**Given data**:
BEGIN

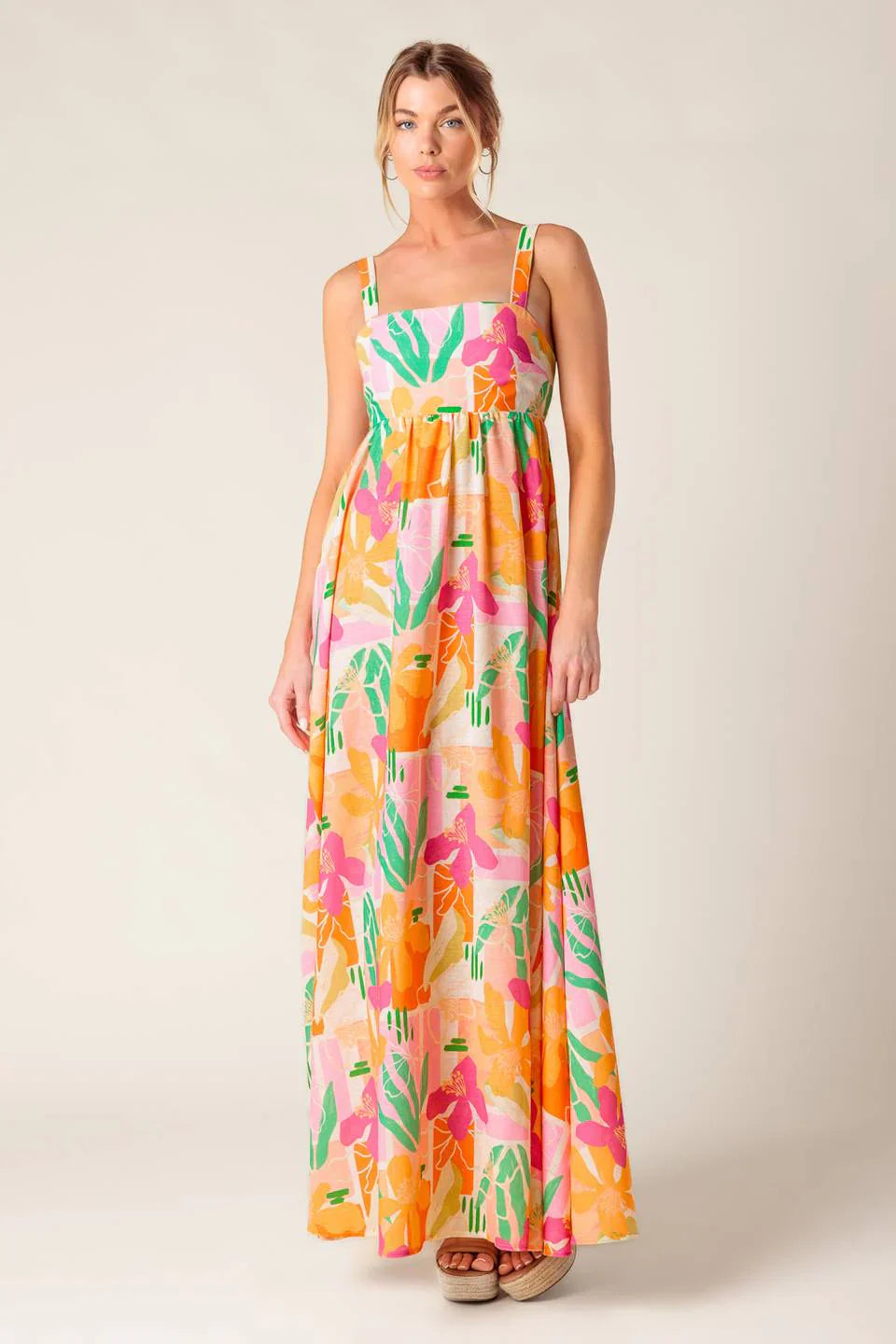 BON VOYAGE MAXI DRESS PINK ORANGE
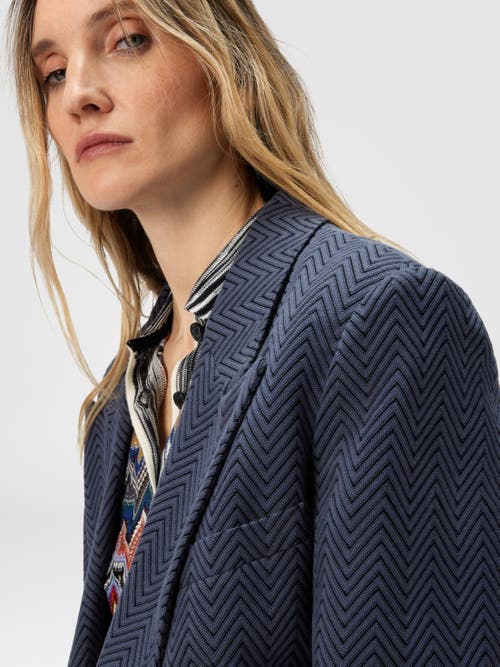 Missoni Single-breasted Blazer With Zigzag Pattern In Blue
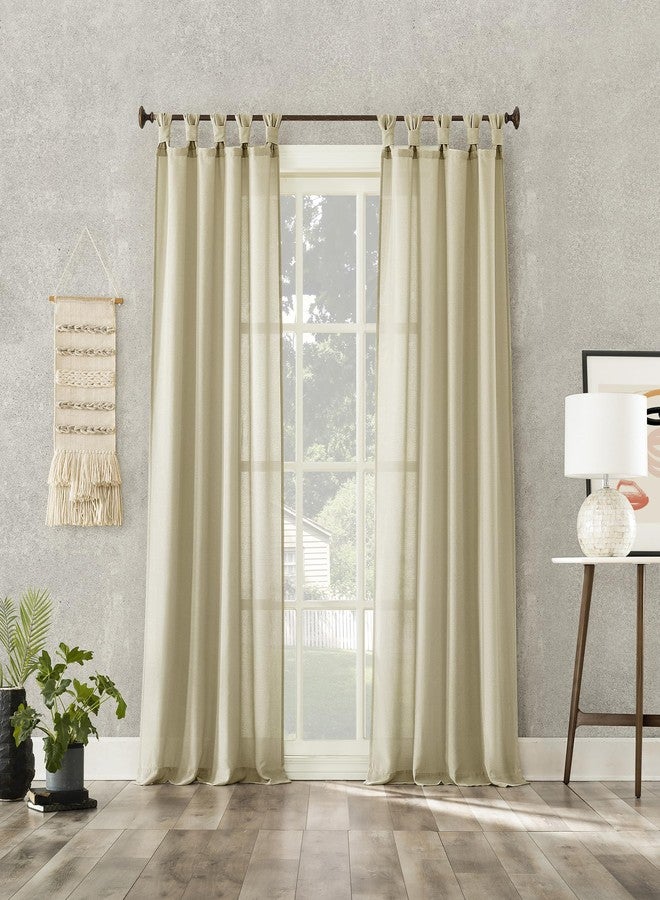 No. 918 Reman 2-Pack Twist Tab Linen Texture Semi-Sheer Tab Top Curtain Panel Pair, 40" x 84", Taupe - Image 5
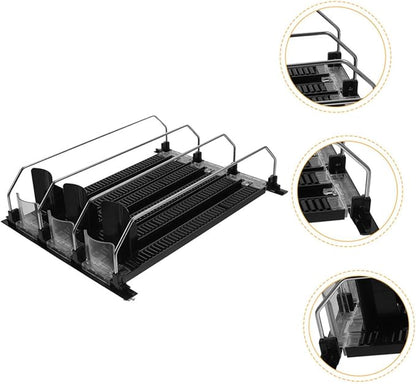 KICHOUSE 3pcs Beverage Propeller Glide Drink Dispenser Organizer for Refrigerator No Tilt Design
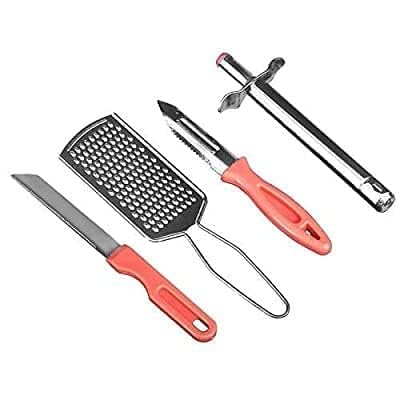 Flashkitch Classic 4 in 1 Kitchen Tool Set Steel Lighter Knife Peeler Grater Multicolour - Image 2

END

**Exercise goal**:
An exact copy of all the entries above is required, with every picture left out.

**Exercise result**:
 BON VOYAGE MAXI DRESS PINK ORANGE
 Missoni Single-breasted Blazer With Zigzag Pattern In Blue
 No. 918 Reman 2-Pack Twist Tab Linen Texture Semi-Sheer Tab Top Curtain Panel Pair, 40" x 84", Taupe - Image 5
 KICHOUSE 3pcs Beverage Propeller Glide Drink Dispenser Organizer for Refrigerator No Tilt Design
 Flashkitch Classic 4 in 1 Kitchen Tool Set Steel Lighter Knife Peeler Grater Multicolour - Image 2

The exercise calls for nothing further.